Emma Carr is Deputy Director of Big Brother Watch. Follow Emma on Twitter.
Under the Coalition we have seen some of the most tech-friendly policies in decades. However, the Communications Data Bill poses a
substantial threat to the internet and subsequently, Britain’s social and
economic future. With concerns about its economic effect on business, warnings
from within Number 10, a haphazard consultation process and failures to
scrutinise existing powers, it’s time for this bill to be ditched - as a group of leading academic experts urged
yesterday.
The basic arguments behind the bill are now beginning to
collapse. We were told it was essential to catch criminals using internet
telephone services; it then emerged that British police currently receive more
data from Skype than any other country in the world. More than the U.S, more
than double Germany. This mirrors what we already knew about Google and Twitter
– companies do cooperate with the police. And of course, since when have laws
from Britain applied to companies based in the U.S?

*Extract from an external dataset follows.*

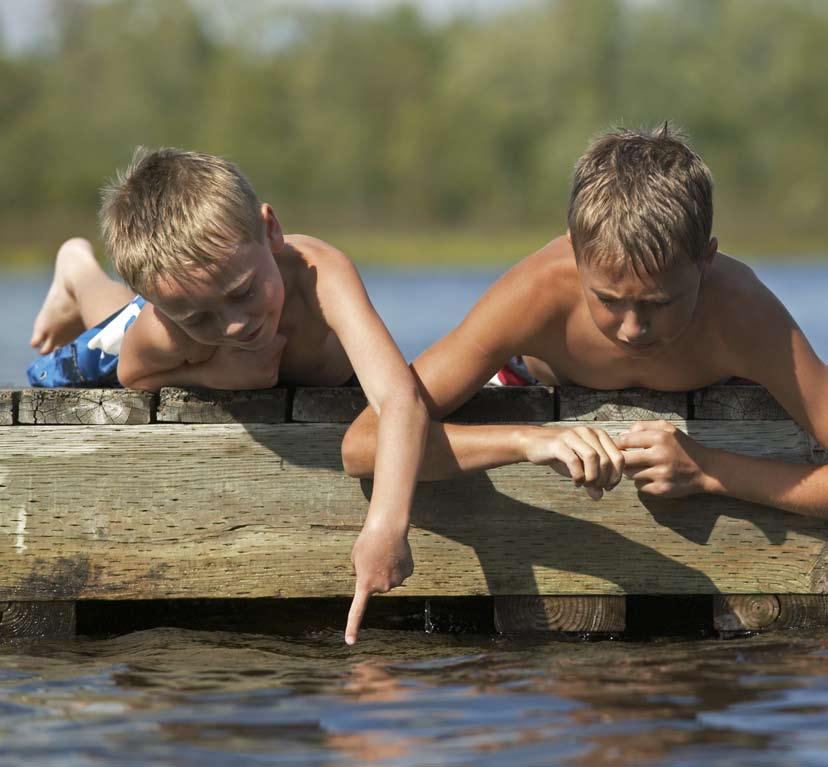 Sommarlov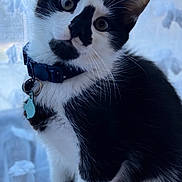 Shadow joined the competition — help win amazing prizes! cat, kitten, black_and_white, collar, pet, indoor, curious, head_tilt, fur, whiskers, close_up, portrait, animal, cute, young, domestic, adorable, sitting, soft_light, window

Whether or not it is the same bill that Jacqui Smith proposed in
2008 (when she ruled out a central database), the wider impact could be
catastrophic. The Coalition
for a Digital Economy warned that it would make Britain a much less
attractive place to start and grow a business, for fear of a Whitehall official
one day arriving and saying you had to change the way your business works to
provide the data the Home Office wants.
As well as a badly managed
consultation process, there has been little in-depth scrutiny of existing
legislation and powers. Research
published by Big Brother Watch has shown how
communications data is used across police forces, and makes clear that there are
significant inconsistencies in the way that communications data is being treated. Furthermore,
it emphasises how it is almost impossible to form a measured view of how the
current system is operating, given the huge discrepancies in the way forces are
recording how they use Communications Data.